With film you could do a large number of manipulations, it's true, especially when you got into things like re-shooting, but the film system left a physical trail of evidence from which manipulation could later be judged --specifically, a negative.

Some serious commentators have said that Nikon RAW is not designed to produce the best out-of-camera image, but the best file of data to be post-processed, and that these two things are *NOT* the same. When you pull up a Nikon RAW, you get not what you saw, but a mass of data that can be made to look like what you saw. The adjustment is *required.* RAW is not a negative.

If you were shooting under fluorescent lights but experienced that light as white, which people do, but the RAW shows the light as green, no problem: click the white balance. What you get is not "correct," it's is a purely subjective adjustment for a psychological phenomenon (seeing green light as white.)

With a negative, you had a standard. You could look at the neg, look at the print, and say, "You went too far." With digital, there's no negative. The only possible judgement is Mike J's: "The world doesn't look like that." But what if the photographer's answer is, "Yes, it does." Who do we go with, the guy who was there, or the guy who's in Wisconsin?

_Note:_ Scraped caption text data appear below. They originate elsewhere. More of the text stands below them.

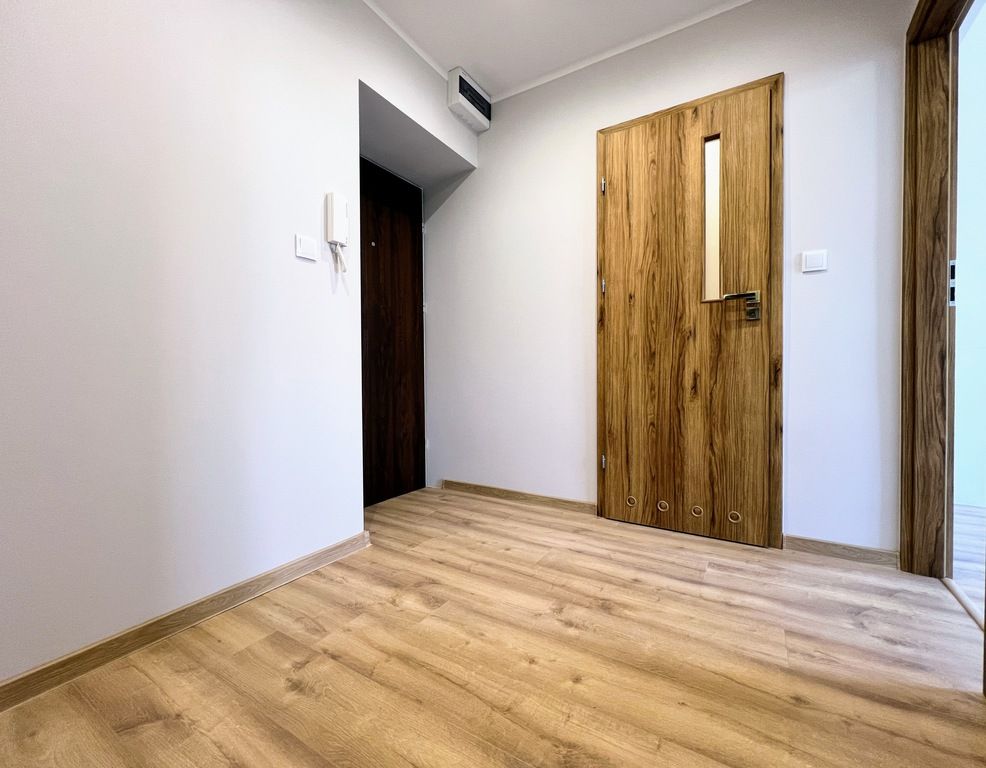 Biuro Rzeszów, ul. Zamkowa. Zdjęcie 6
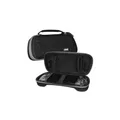 กระเป๋า IINE L770 Elite Plus Joypad Storage Bag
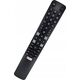Pilot RTV Lamex Pilot do TV LCD Thomson, TCL RM-L1508 + (RC802N, RC3000), SMART, NETFLIX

For example, in the photo above, which looks like it might be from the Caribbean, I agree that the world doesn't look like that most of the time...but might it not look like that if you were wearing photo-grey Polarized sunglasses, at noon in the tropics, where all the colors look bright and all the shadows are exaggerated? That might absolutely have been the photographer's experience of the place. Which one is correct?

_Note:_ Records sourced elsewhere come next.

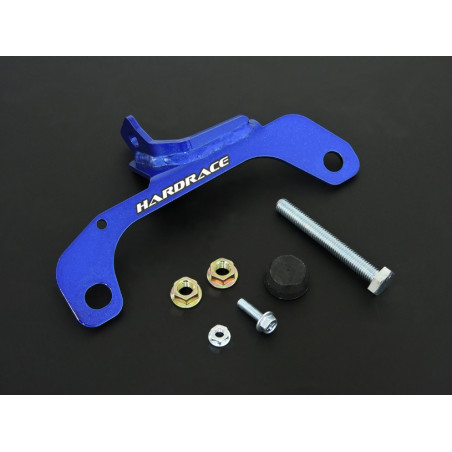 Civic 5th Honda Brake Master Cylinder Stopper Hardrace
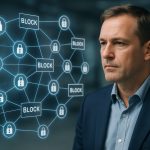 Distributed Ledger Standards 2025–2030: Shaping the Future of Trust and Interoperability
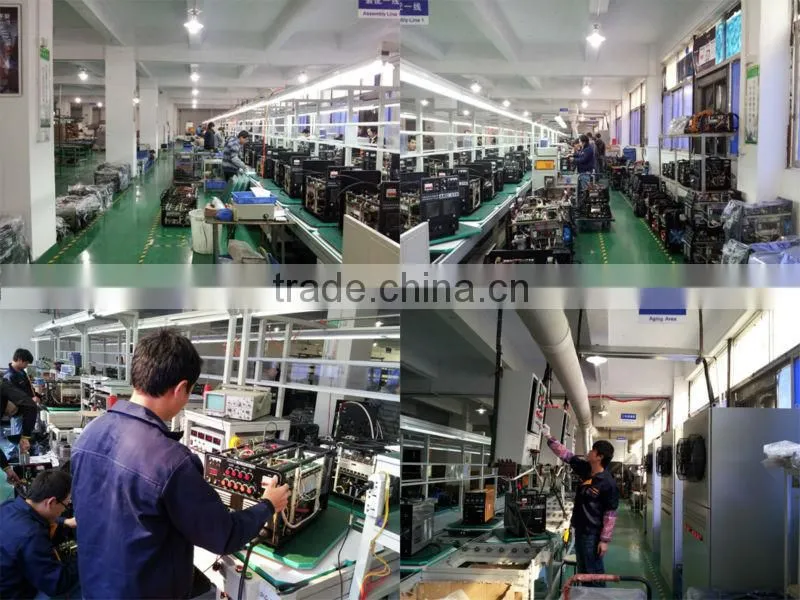 ac arc mma BX1-250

The problem is, we no longer have a standard of any kind, except the post-facto one of juries. We're like a bunch of Mexican cooks, trying to figure out how to season the burritos for American tourists.


As I said before (thanks for the feature! I'm honored), the aesthetics of the look are not mine, but that's not the issue for me.

The issue for me is that these images are meant to be photojournalism and therefore have a greater obligation to be respectful of the truth of the subject.

I remember a few years back being part of a similar discussion among nature photographers. The issue that was being kicked around was the problem of overly manipulated images distorting our audience's sense of nature photography. Partly this was an environmentalist's concern - if the public comes to believe that nature is always in hyper-saturated, jaw-dropping color, the real thing inevitably comes off as disappointing, and so such exaggerated work in fact works against one of the points of popularizing images of the natural world.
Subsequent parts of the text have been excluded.